The method for improving the accuracy of the search and recommendation results, disclosed by the invention, further comprises the following steps:
s20: training is carried out by using a pre-training model, and the training is integrated into the pre-training model in advance by combining the knowledge of the job tree.
The method for improving the accuracy of the search and recommendation results,
the method of pre-training the model described in step S20 is as follows:
the double-chain data which is structured after the feature representation processing and the semi-structured double-chain data are sent to an NLP service center;
finally, the NLP service center optimizes the BP network model used by the double-chain data represented by the screened characteristics conforming to the rules to obtain a first entity relationship;
the optimization algorithm using the BP network model is as follows:
wherein G is i Represents the optimized first entity relationship degree value, wherein N represents the sum of statistics of all groups of keywords, and P i n The probability of distribution of the weight values representing the keywords of all groups.

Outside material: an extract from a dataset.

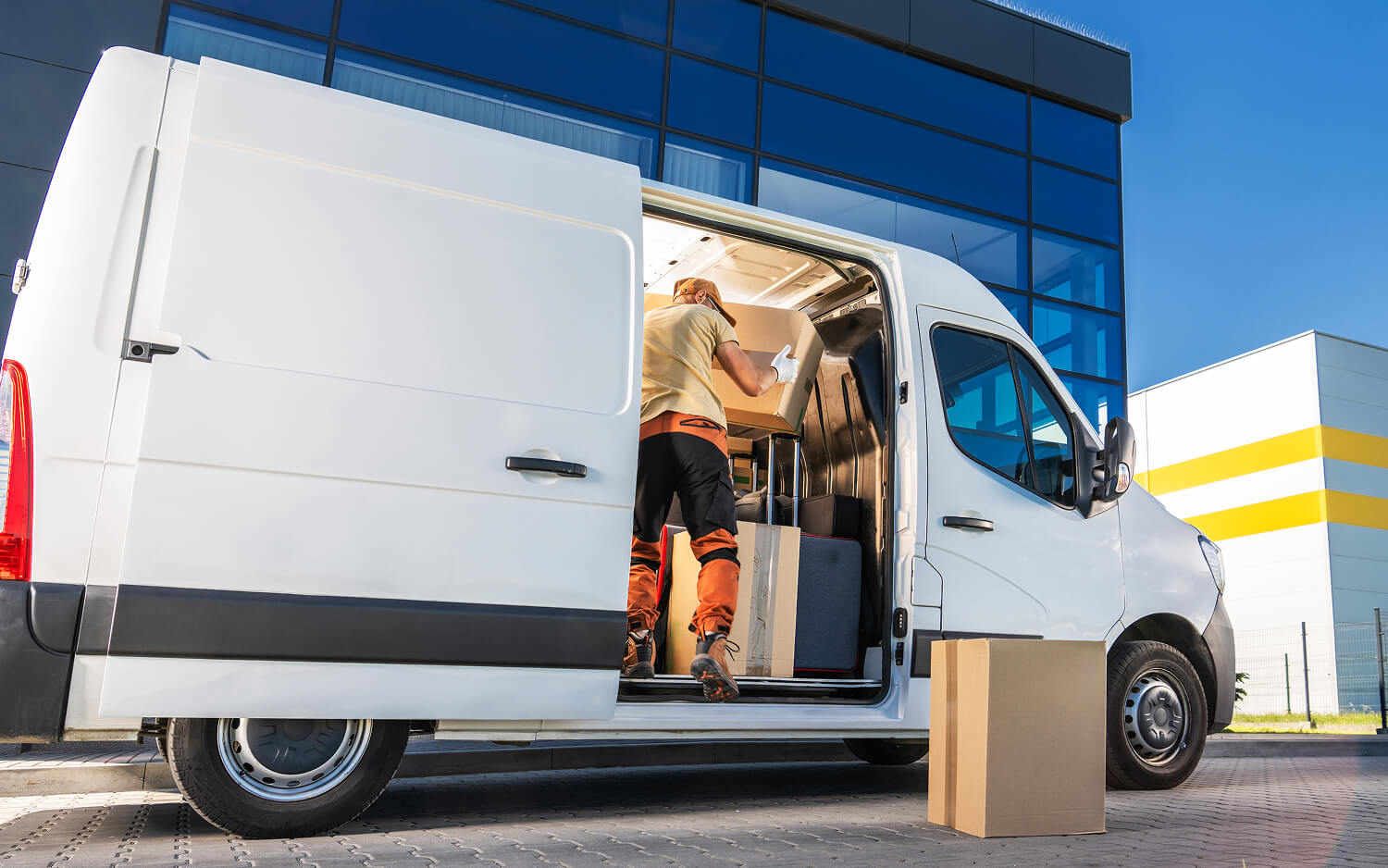 Delivery worker loading boxes into a delivery van.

The method is also one of the creation points of the application, the BP neural network is generally applied to the modeling direction, the MSE in a projection algorithm is optimized, and the comparison of the relationship degree values of two entities is added. Compared with the traditional iterative training by using a BiLSTM+CR F knowledge extraction model in NLP, the method has the advantages that the processing effect is improved by about 12.4%, and a group of data values can be obtained in about 24 hours. In the process of optimizing a projection algorithm, the method is based on a nonlinear diffusion filtering principle, a nonlinear scale space is constructed by adopting a rapid display diffusion scheme, a data projection profile structure is obtained, the feature extraction has scale invariance, and the profile corner point of a projection block is extracted according to the gray level difference between the projection to be detected and the neighborhood circle pixels in the data projection domain and the scale domain. And finally, calculating a feature description vector by adopting a FREAK algorithm, searching matching points of the projection image according to an epipolar constraint criterion, and accurately extracting and matching contour corner points of the obstacle.

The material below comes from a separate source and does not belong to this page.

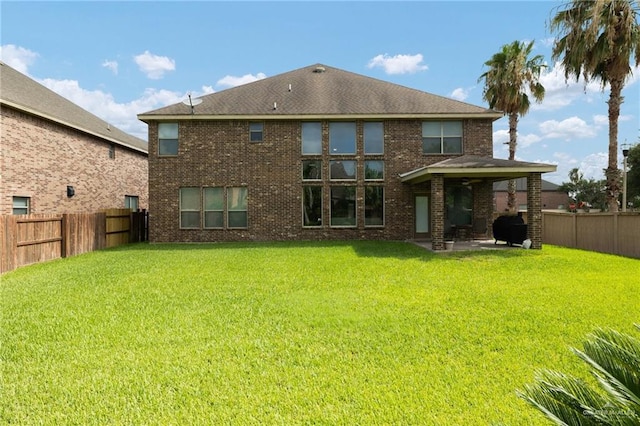 3502 Plantation Grove Blvd, Mission, TX 78572 - back of house with a patio, a fenced backyard, and brick siding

The method for improving the accuracy of the search and recommendation results,
the manner of integration in step S20 is as follows:
and optimizing the scheduling layer, establishing a model by using a max-min mathematical algorithm, and determining each single objective function to obtain the blended scheduling benefit.
The method for improving the accuracy of the search and recommendation results, disclosed by the invention, further comprises the following steps:
s30: the multitask training mode is used, so that the confusion degree of the pre-training model is reduced;
the method for improving the accuracy of the search and recommendation results,
the multitasking training method described in step S30 is as follows:
each single objective function is determined, including a first objective function, a second objective function, a third objective function, and a fourth objective function.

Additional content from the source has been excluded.